Download Spatial Working Memory

VISUOSPATIAL WORKING MEMORY
General Observations
Whereas the older term ‘short term memory’ suggested a passive process restricted to
retention, the currently more favored term ‘working memory’ also entails the active
maintenance and use of information for cognition and behavior. Visual working memory
(VWM) entails both feature and feature memory. This process is closely related to
attention, because attention is required to select and maintain items in VWM. This is
particularly important because the capacity of VWM appears to be 3-4 items, although
this is influenced by the nature and interactions between these items, and may actually
reflect limited resources rather than fixed memory ‘slots’ (this remains controversial, i.e.
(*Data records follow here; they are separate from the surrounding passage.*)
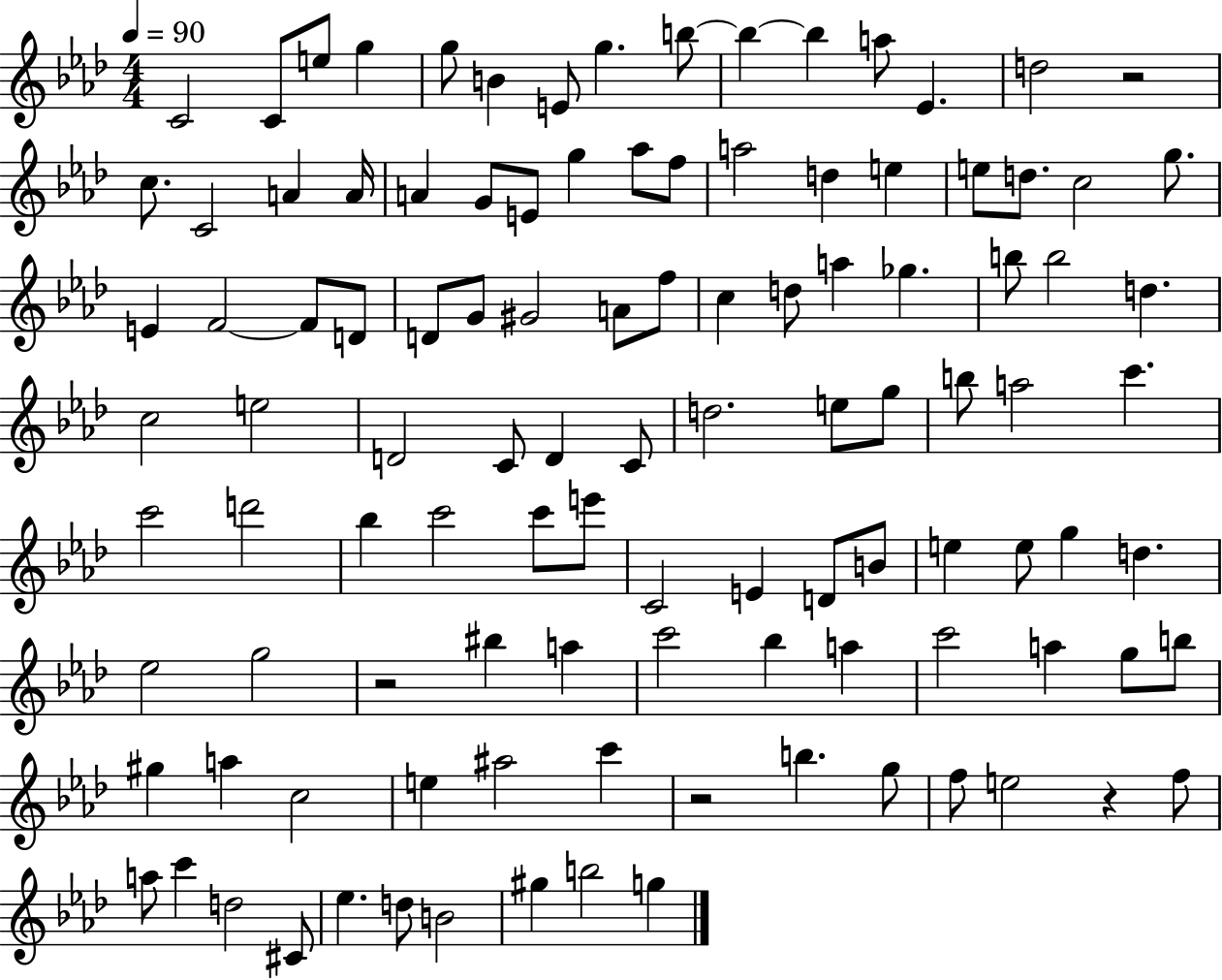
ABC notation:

X:1
T:Untitled
M:4/4
L:1/4
K:Ab
C2 C/2 e/2 g g/2 B E/2 g b/2 b b a/2 _E d2 z2 c/2 C2 A A/4 A G/2 E/2 g _a/2 f/2 a2 d e e/2 d/2 c2 g/2 E F2 F/2 D/2 D/2 G/2 ^G2 A/2 f/2 c d/2 a _g b/2 b2 d c2 e2 D2 C/2 D C/2 d2 e/2 g/2 b/2 a2 c' c'2 d'2 _b c'2 c'/2 e'/2 C2 E D/2 B/2 e e/2 g d _e2 g2 z2 ^b a c'2 _b a c'2 a g/2 b/2 ^g a c2 e ^a2 c' z2 b g/2 f/2 e2 z f/2 a/2 c' d2 ^C/2 _e d/2 B2 ^g b2 g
Luck & Vogel vs. Bays & Husain). Together, attention and working memory provide a
moment-to-moment internal representation of key task-related items in the external
world, closely related to consciousness. Working memory contents, under some
circumstances, may be converted into long-term memory stores. One early but still
influential model of working memory (Baddeley and Hitch) entails a central executive
(for top-down attention, manipulation etc.) over several slave storage systems (including
a ‘visuospatial sketchpad’). Most current computational / connectionist models assume
that maintenance of information involves recurrent connections between neurons.
Neural Mechanisms
Many neurons in visuomotor regions of the brain (but not all) show sustained activity
between a visual stimulus and a motor action. Working memory has long been
associated with prefrontal cortex, especially lateral prefrontal cortex. Dorso-lateral
prefrontal cortex (DLPFC), as opposed to ventral PFC, has been associated more with
spatial memory, in particular in the right hemisphere. However, some current
investigators associated DLPFC more with executive control. DLPFC forms part of a
VWM network that includes a number of areas closely related to attention and eye
movement, including FEF, Cingulate, PEF, and some subcortical structures. Some have
argued that these neurons are more concerned with coding past sensory events, and
others that they are concerned with planning future action, but our lab has found that
the same neurons in one area (at least superior colliculus and FEF) can encode both at
different times, tending to transition from target to planning codes. Recently, Anna
Heurer, working in my lab, found that –as in perceptual attention— there are different
neural mechanisms for the retrograde selection of content from VWM, with inferior
parietal cortex (SMG) playing a role in spatial selection and LOC playing a role in
feature selection. Finally, although distinctions have been made between spatial and
feature memory, as in perception these two must be bound together somehow to
meaningfully encode the location and identify of an object, perhaps through some sort
of trans-cortical synchrony of rhythmic activity.